◆ Data for review
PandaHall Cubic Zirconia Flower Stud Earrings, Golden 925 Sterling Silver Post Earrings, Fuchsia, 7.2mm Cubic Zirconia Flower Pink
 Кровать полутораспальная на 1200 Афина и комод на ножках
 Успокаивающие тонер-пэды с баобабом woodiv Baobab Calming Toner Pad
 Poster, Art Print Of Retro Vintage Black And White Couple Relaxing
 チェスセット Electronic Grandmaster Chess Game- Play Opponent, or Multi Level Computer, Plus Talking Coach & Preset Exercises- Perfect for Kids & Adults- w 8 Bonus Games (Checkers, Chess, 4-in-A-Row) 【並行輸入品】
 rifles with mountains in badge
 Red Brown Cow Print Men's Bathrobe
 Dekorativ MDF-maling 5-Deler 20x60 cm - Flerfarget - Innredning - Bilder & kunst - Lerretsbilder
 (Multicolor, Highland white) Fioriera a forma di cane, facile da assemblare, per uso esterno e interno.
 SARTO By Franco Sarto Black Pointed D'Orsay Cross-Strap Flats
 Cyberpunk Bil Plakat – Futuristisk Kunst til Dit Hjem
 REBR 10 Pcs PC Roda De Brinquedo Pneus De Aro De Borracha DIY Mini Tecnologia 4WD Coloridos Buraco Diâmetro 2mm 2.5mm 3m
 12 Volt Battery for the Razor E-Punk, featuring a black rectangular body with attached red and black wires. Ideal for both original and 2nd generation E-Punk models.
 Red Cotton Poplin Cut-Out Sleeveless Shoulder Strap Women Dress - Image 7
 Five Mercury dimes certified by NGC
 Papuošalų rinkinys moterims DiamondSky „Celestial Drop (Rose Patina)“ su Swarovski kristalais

◆ Task details
Reproduce all of the data above, exactly and without omission.

◆ Solution to this task
PandaHall Cubic Zirconia Flower Stud Earrings, Golden 925 Sterling Silver Post Earrings, Fuchsia, 7.2mm Cubic Zirconia Flower Pink
 Кровать полутораспальная на 1200 Афина и комод на ножках
 Успокаивающие тонер-пэды с баобабом woodiv Baobab Calming Toner Pad
 Poster, Art Print Of Retro Vintage Black And White Couple Relaxing
 チェスセット Electronic Grandmaster Chess Game- Play Opponent, or Multi Level Computer, Plus Talking Coach & Preset Exercises- Perfect for Kids & Adults- w 8 Bonus Games (Checkers, Chess, 4-in-A-Row) 【並行輸入品】
 rifles with mountains in badge
 Red Brown Cow Print Men's Bathrobe
 Dekorativ MDF-maling 5-Deler 20x60 cm - Flerfarget - Innredning - Bilder & kunst - Lerretsbilder
 (Multicolor, Highland white) Fioriera a forma di cane, facile da assemblare, per uso esterno e interno.
 SARTO By Franco Sarto Black Pointed D'Orsay Cross-Strap Flats
 Cyberpunk Bil Plakat – Futuristisk Kunst til Dit Hjem
 REBR 10 Pcs PC Roda De Brinquedo Pneus De Aro De Borracha DIY Mini Tecnologia 4WD Coloridos Buraco Diâmetro 2mm 2.5mm 3m
 12 Volt Battery for the Razor E-Punk, featuring a black rectangular body with attached red and black wires. Ideal for both original and 2nd generation E-Punk models.
 Red Cotton Poplin Cut-Out Sleeveless Shoulder Strap Women Dress - Image 7
 Five Mercury dimes certified by NGC
 Papuošalų rinkinys moterims DiamondSky „Celestial Drop (Rose Patina)“ su Swarovski kristalais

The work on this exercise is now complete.